Muon spin rotation (μ+SR) measurements of square root second moment σ of local magnetic fields  in superconducting mixed states, as published for oriented crystals and powder samples of YBa2Cu3O7–δ (δ ≈ 0.05), YBa2Cu4O8 and La2-xSrxCuO4 (x ~ 0.15–0.17), are further subjected to comparative analysis for superconducting gap symmetry in [Journal of Physics: Condensed Matter 23, 315702 (2011] [post]. For oriented crystals it is shown that anomalous dependences of σ on temperature and applied field H, as-measured and extracted a– and b-axial components, are attributable to fluxon depinning and disorder that obscure the intrinsic character of the underlying superconducting penetration depth.  Random averages derived from oriented crystal data differ markedly from corresponding non-oriented powders, owing to the weaker influence of pinning in high-quality crystals. Related indicators for pinning perturbations such as non-monotonic H dependence of σ, irreproducible data and strong H dependence of apparent transition temperatures, are also evident. Strong intrinsic pinning suppresses thermal anomalies in c-axis components of σ, which reflect nodeless gap symmetries in YBa2Cu3O7–δ and YBa2Cu4O8. For YBa2Cu3O7–δ, the crystal (ab components, corrected for depinning) and powder data all reflect a nodeless gap (however, ab symmetries remain unresolved for crystalline YBa2Cu4O8 and La1.83Sr0.17CuO4.  Inconsistencies contained in multiple and noded gap interpretations of crystal data, and observed differences between bulk μ+ and surface-sensitive measurements are discussed therein.

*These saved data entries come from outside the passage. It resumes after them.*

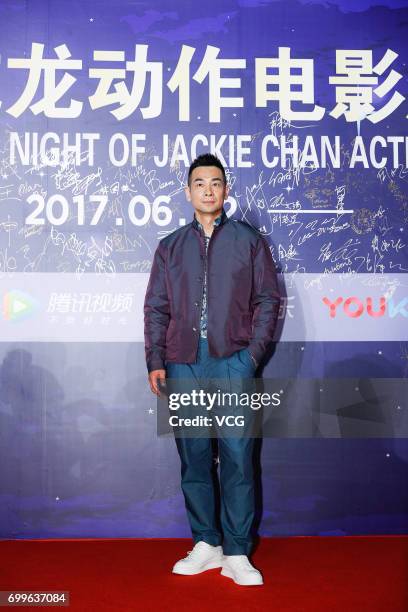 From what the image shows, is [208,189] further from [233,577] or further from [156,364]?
[233,577]

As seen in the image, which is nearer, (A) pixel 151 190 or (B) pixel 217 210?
(B) pixel 217 210

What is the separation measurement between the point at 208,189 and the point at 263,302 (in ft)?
1.78

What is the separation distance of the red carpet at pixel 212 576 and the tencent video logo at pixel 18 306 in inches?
42.1

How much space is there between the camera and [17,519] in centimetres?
309

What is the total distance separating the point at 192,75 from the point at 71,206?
877 millimetres

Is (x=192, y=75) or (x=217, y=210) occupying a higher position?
(x=192, y=75)

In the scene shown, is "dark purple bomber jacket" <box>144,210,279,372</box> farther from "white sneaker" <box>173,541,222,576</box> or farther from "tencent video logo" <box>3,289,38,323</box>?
"white sneaker" <box>173,541,222,576</box>

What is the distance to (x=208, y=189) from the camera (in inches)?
110

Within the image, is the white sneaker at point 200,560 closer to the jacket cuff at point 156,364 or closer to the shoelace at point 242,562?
the shoelace at point 242,562

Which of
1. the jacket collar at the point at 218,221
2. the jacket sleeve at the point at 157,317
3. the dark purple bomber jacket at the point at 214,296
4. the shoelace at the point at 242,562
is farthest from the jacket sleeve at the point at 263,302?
the shoelace at the point at 242,562

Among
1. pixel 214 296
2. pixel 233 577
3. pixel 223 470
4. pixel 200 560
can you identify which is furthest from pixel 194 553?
pixel 214 296

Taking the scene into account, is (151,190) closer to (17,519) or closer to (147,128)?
(147,128)

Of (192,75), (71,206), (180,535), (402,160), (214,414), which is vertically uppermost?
(192,75)

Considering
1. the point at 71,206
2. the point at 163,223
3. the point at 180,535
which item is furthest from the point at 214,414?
the point at 71,206
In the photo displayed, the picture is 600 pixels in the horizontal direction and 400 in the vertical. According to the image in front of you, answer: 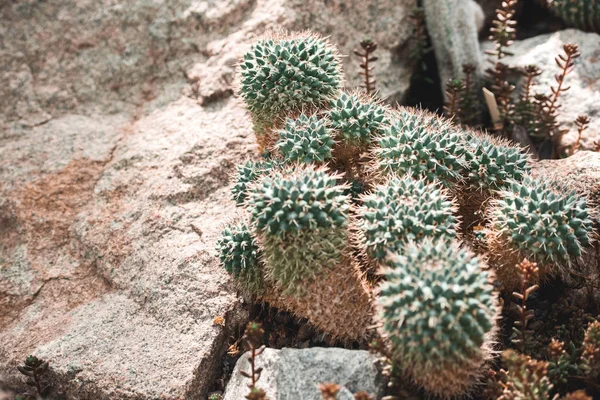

The muon-spin-relaxation (μSR) technique has been used to study the internal field modulation dynamics of fluxons in crystals of κ-[BEDT-TTF]2Cu[NCS]2 (TC ≊ 10.5 K) Physical Review B 49, 12990 (1994). The data exhibit a strong field dependence for applied fields in the range 129 Oe ≤ ‖Hext‖ ≤ 4 kOe, which is attributed to a combination of vortex motion, finite core size effects, and pinning. In low fields (‖Hext‖ = 129 Oe), the data exhibit a flux-pinning transition at TX ∼ 5 K, as evidenced by a peak in the second moment of the local field distribution at ∼5 K accompanied by an enhanced minimum in the first moment at the same temperature. In higher fields (‖Hext‖ = 750 Oe, 3 kOe, and 4 kOe), where the effects of motion and pinning are minimized, the symmetry of the underlying gap function is confirmed as s wave. Corrections for finite fluxon core, finite mean free path, and flux-lattice disorder were applied in determining the London penetration depth, λL(𝑏⁢𝑐)(0) = 7680±700 Å.